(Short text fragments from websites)
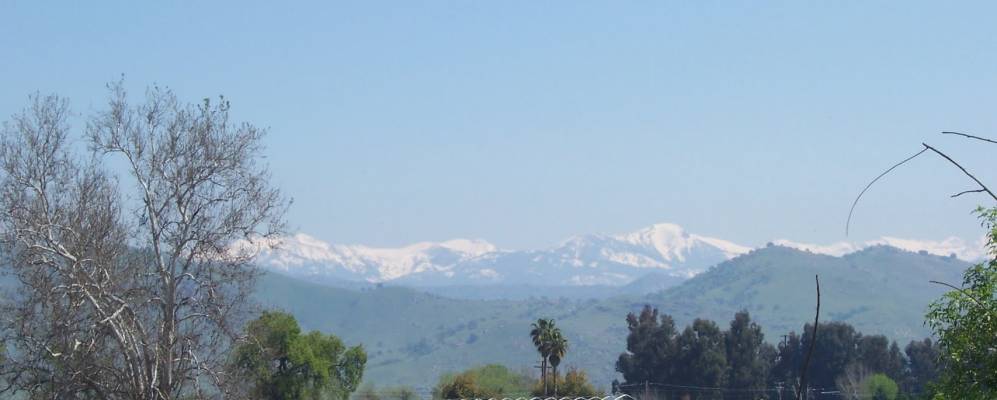 
            Фотография Вудлэйка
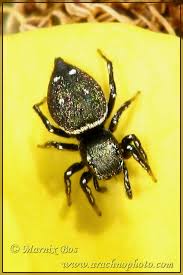 Attēlu rezultāti vaicājumam “Heliophanus sp.”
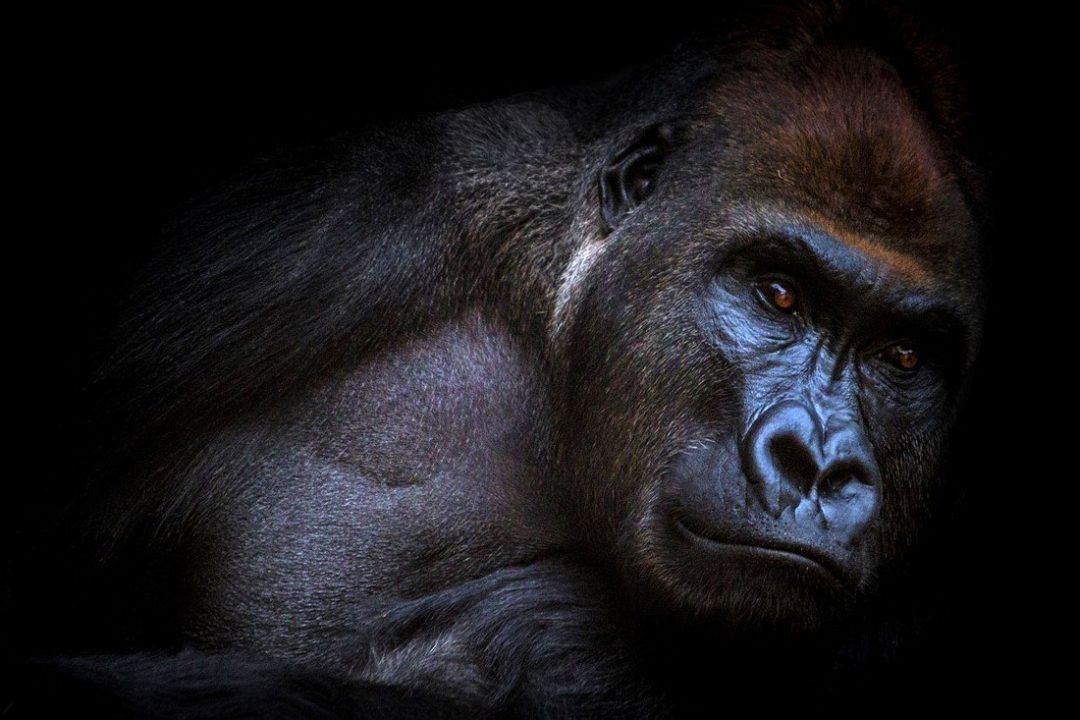 Animal Symbolism Gorilla Meaning on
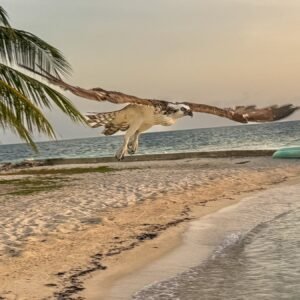 Coast & Travel #4
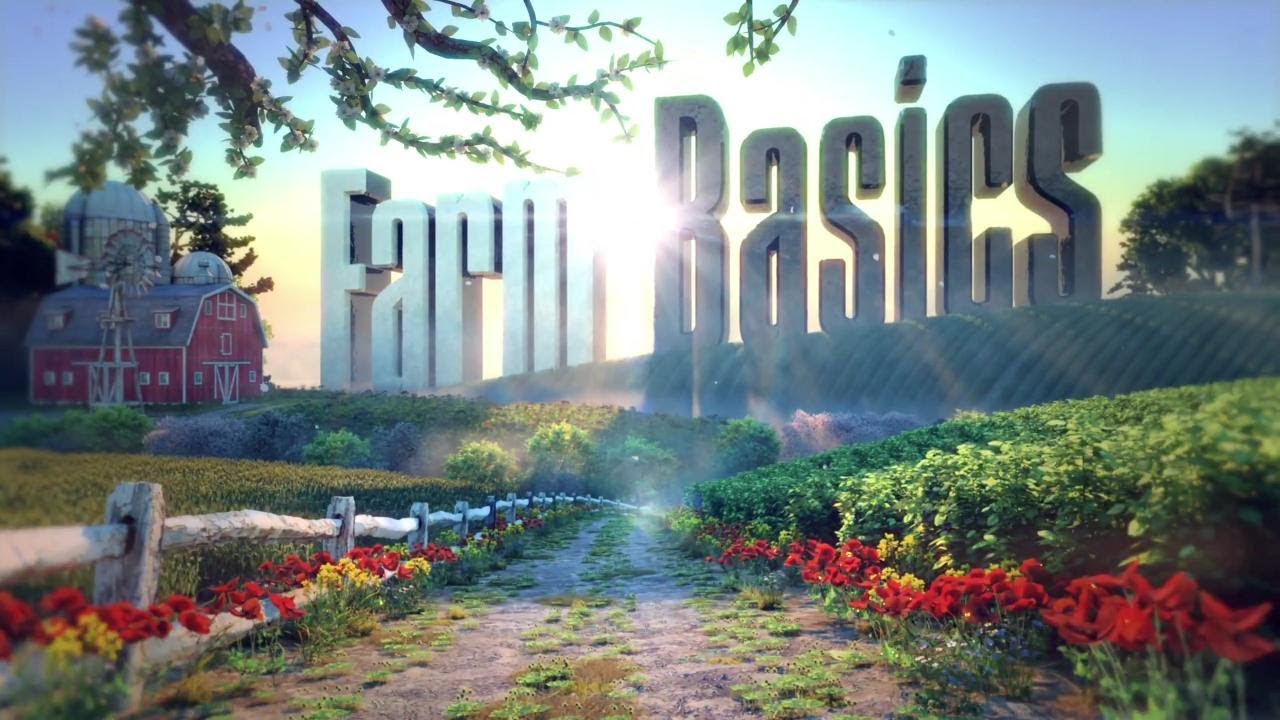 Farm Basics 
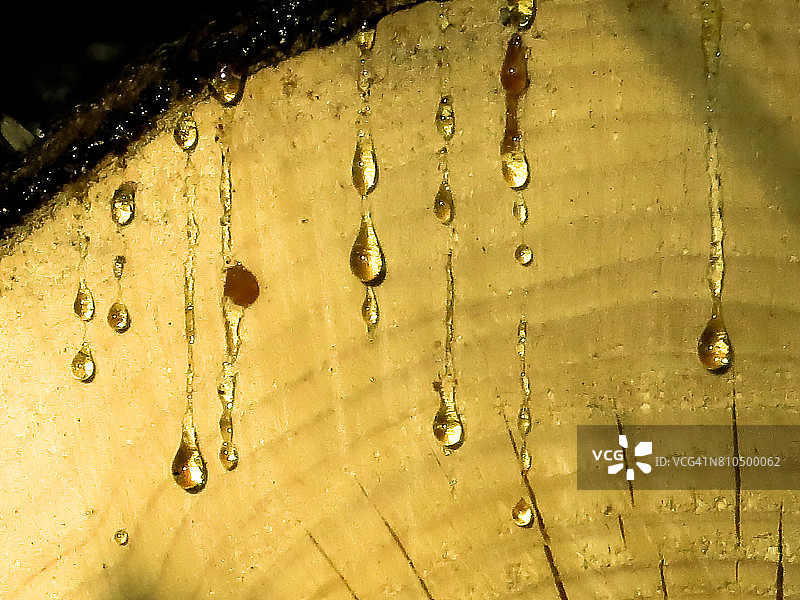 树液滴落特写图片素材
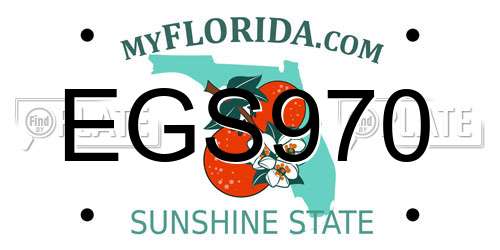 EGS970 Florida License Plate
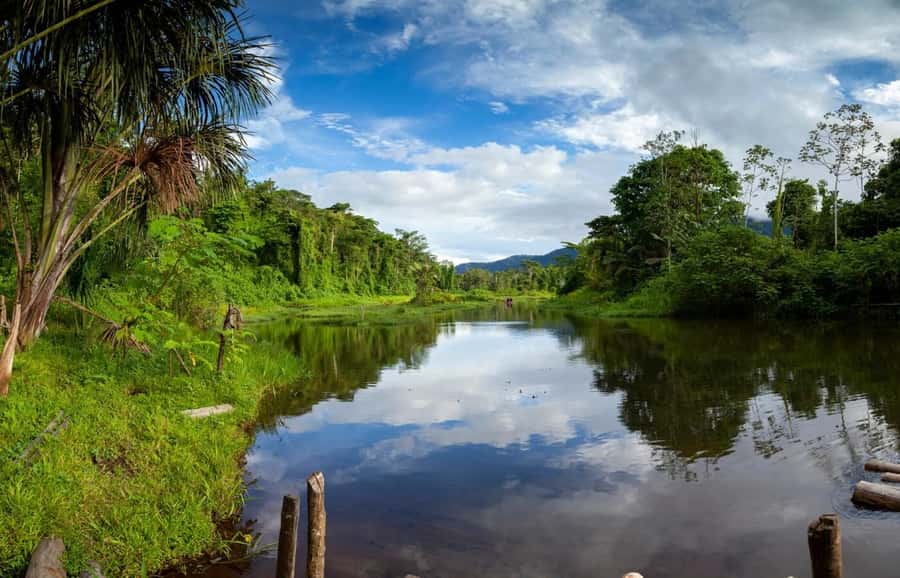 From Cusco: Manu National Park Tour & Accommodation 3 Days - Who This 3-Day Manu Tour Really Fits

* _WORK REQUIRED_:
The answer should consist of every line above, exact and free of images.

* _ANSWER BELOW_:
            Фотография Вудлэйка
 Attēlu rezultāti vaicājumam “Heliophanus sp.”
 Animal Symbolism Gorilla Meaning on
 Coast & Travel #4
 Farm Basics 
 树液滴落特写图片素材
 EGS970 Florida License Plate
 From Cusco: Manu National Park Tour & Accommodation 3 Days - Who This 3-Day Manu Tour Really Fits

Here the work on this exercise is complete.